Martha, asserting that she “certainly had a right to my husband’s brains,” looked through his papers for an idea that she could capitalize on. Her search brought to mind his plan for pyrotechnic night signals to enable ships to communicate in the dark from a distance. Benjamin had made prototypes of the signals and the chemical pyrotechnics for them; but after much effort by Martha to get the Navy to try them, they proved unsuccessful. Rear-Admiral Charles Stewart, famous for commanding the USS Constitution during the war of 1812, however, said the idea had merit, and suggested that Martha pick up where her husband left off, for otherwise someone else surely would. Whether she needed that encouragement or not, the Navy had signaled to her that if she could come up with something that worked, they would be interested.
Martha hired a series of men to help her with the chemistry without complete success. Then in 1858, she witnessed the novel fireworks display in NYC celebrating the completion of the transatlantic telegraph cable. With that, she found the inspiration for how to bring the night signals into fruition and the technical expert to help her do it.
On April 5, 1859, she was granted (as administratrix of her husband’s estate) a patent for “pyrotechnic night-signals.” Not long after, the US Navy placed a large order, and with that, Martha Coston was on her way to becoming a wealthy businesswoman with international sales. A second patent was issued to Martha Coston, herself, in 1871 for improvements to the original idea. Later in life, Martha Coston would write her autobiography, A Signal Success, which detailed her early struggles and the international travel and respect that her success later afforded her.
The night-signals, were used similarly to how flags were used during the day. Combinations of white, red, and green flares were assigned to mean different numbers which in turn were coded to messages. 21, for example, meant “I am ready.” The signals found wide use by the US during the Civil War.
The Coston Manufacturing Company continued to develop and produce related products such as a system of flares used by the United States Life-Saving Service.
One such invention that became standard issue for the Life-Saving Service was a pair of torches used for lighting the place on the shore where lifeboats should land when returning from a coastal shipwreck.
The US Coast Guard Museum describes these kerosene Flare Pots as being carried by beach patrolmen or carried in the beach cart used to transport rescue supplies and held high or mounted on a wooden staff to warn vessels of danger or to indicate the best landing place for lifeboats.
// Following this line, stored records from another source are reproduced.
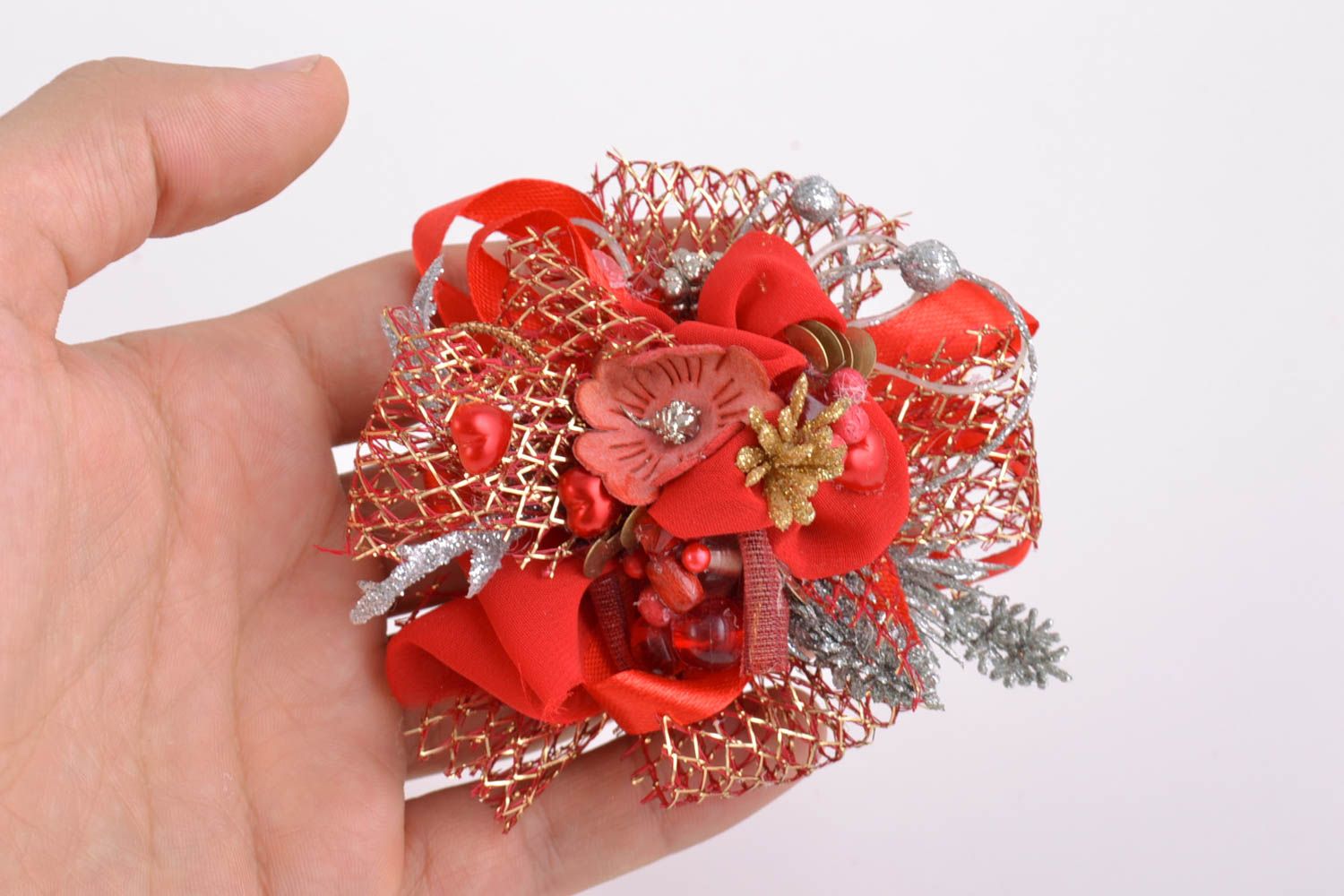 Handmade blank for creating of hair clip or brooch red decorative flowers  photo 2
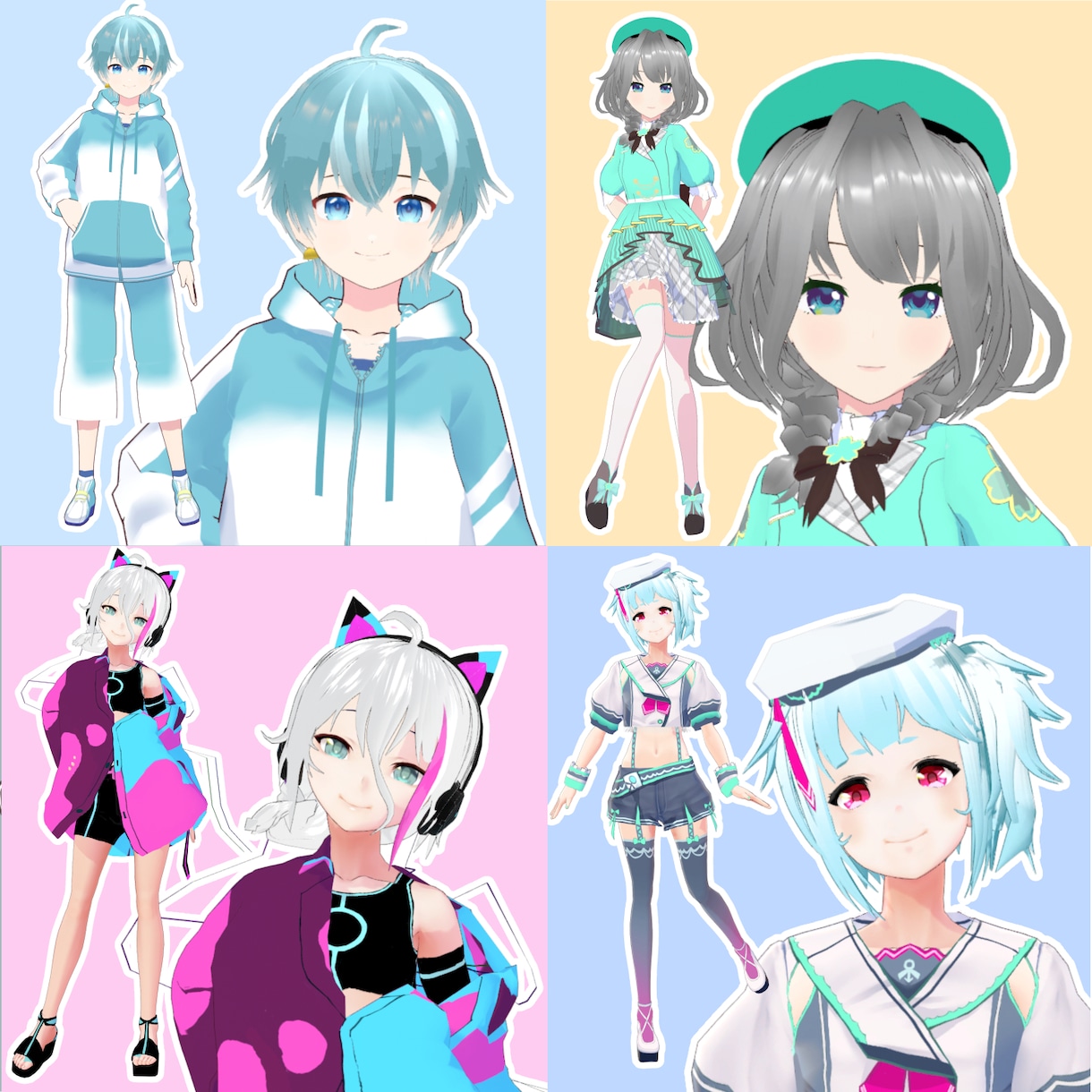 割引★商用・グッズ可！オリジナル3Dモデル作ります Vtuber活動やゲーム配信、VRChat等に！お着替え可能 イメージ3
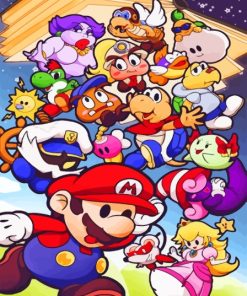 Paper Mario Video Game Characters Paint By Numbers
The handle contains matches ready to strike when the need arose.
A set of these flare pots, was donated to PortSide NewYork by Paul Kennedy. This triggered the research that led us to Martha Coston.
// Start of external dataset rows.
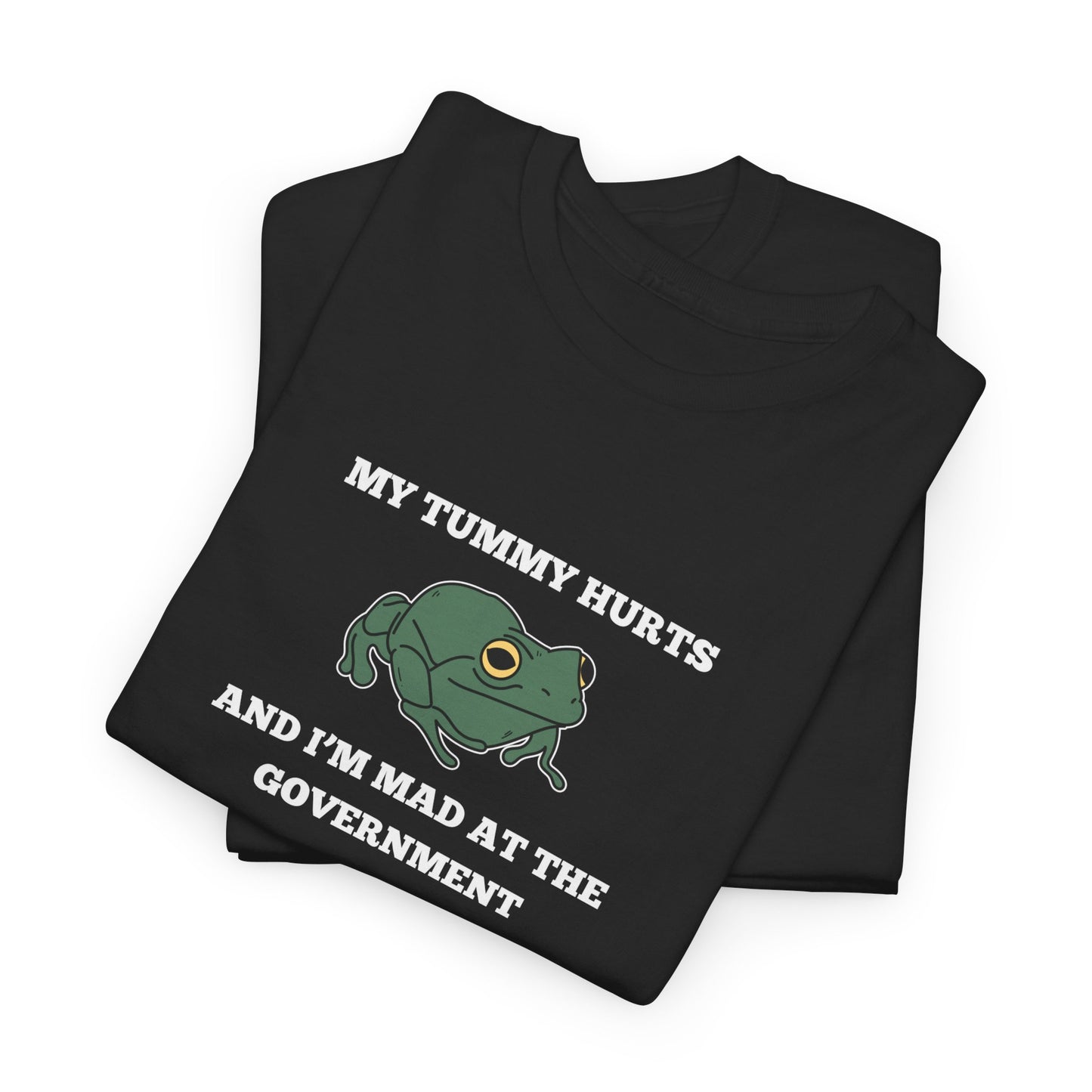 'My Tummy Hurts and I'm Mad at the Government' - Funny Unisex Heavy Cotton Tee -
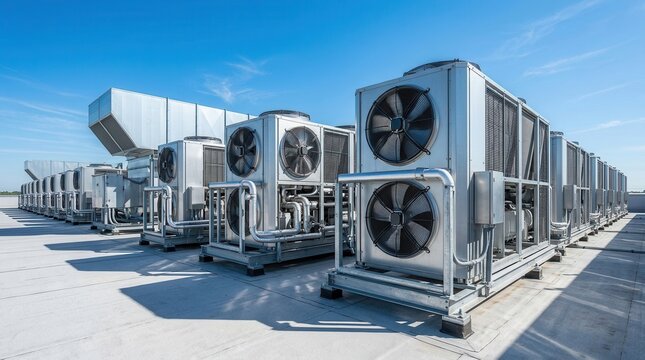 Large industrial air conditioning and ventilation units installed on a commercial building rooftop.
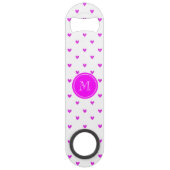 Pinkfarbene rosa Glitzer-Herzen mit Monogramm Speedflaschenöffner (Rückseite)
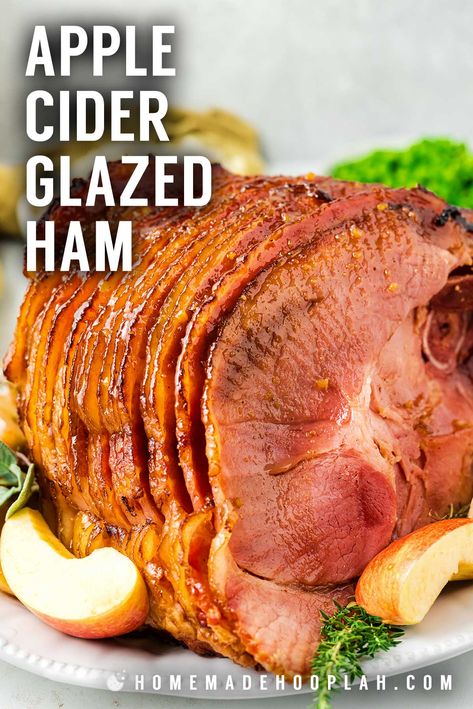 Apple Cider Glazed Ham! With succulent, spiral-cut ham and a rich glaze of apple cider, brown sugar, honey, herbs, and spices, this apple cider glazed ham is an ideal main course. | HomemadeHooplah.com Maple Ham, Orange Glazed Ham, Maple Glazed Ham, Holiday Ham Recipes, Green Bean Casserole Easy, Leftover Ham Recipes, Holiday Ham, Glazed Ham, Ham Glaze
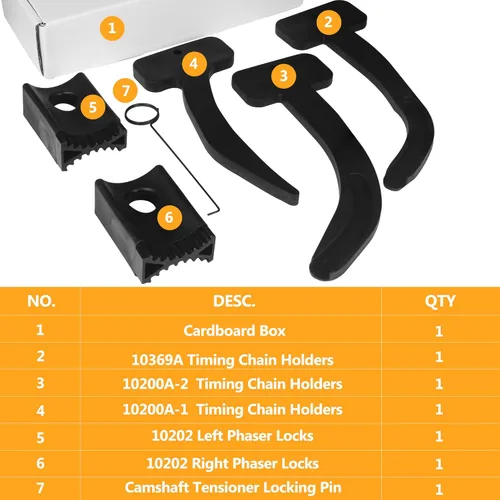 Miniatura 4 de Juego de herramientas de cadena de distribución Phaser de árbol de levas, 6 piezas, compatible con VW Chrysler, Jeep Dodge 3.6L, motor de repuesto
All this got us thinking about an earlier gift to PortSide, from Karen Dyrland, whose father Alf Dyrland was one of the first captains of the MARY A. WHALEN when she was rechristened in 1959, changing her name from S.T. KIDDOO. That gift returned to our retired oil tanker a heavy brass watertight canister that once held, as its embossed letters say, “HAND RED FLARE DISTRESS SIGNALS.”
Also stenciled on the canister is “S.T. KIDDOO,” the original name of our ship when launched in 1938. And with that, Martha Coston becomes not only a pioneering inventor and business leader to be remembered, but one of our Red Hook WaterStories too!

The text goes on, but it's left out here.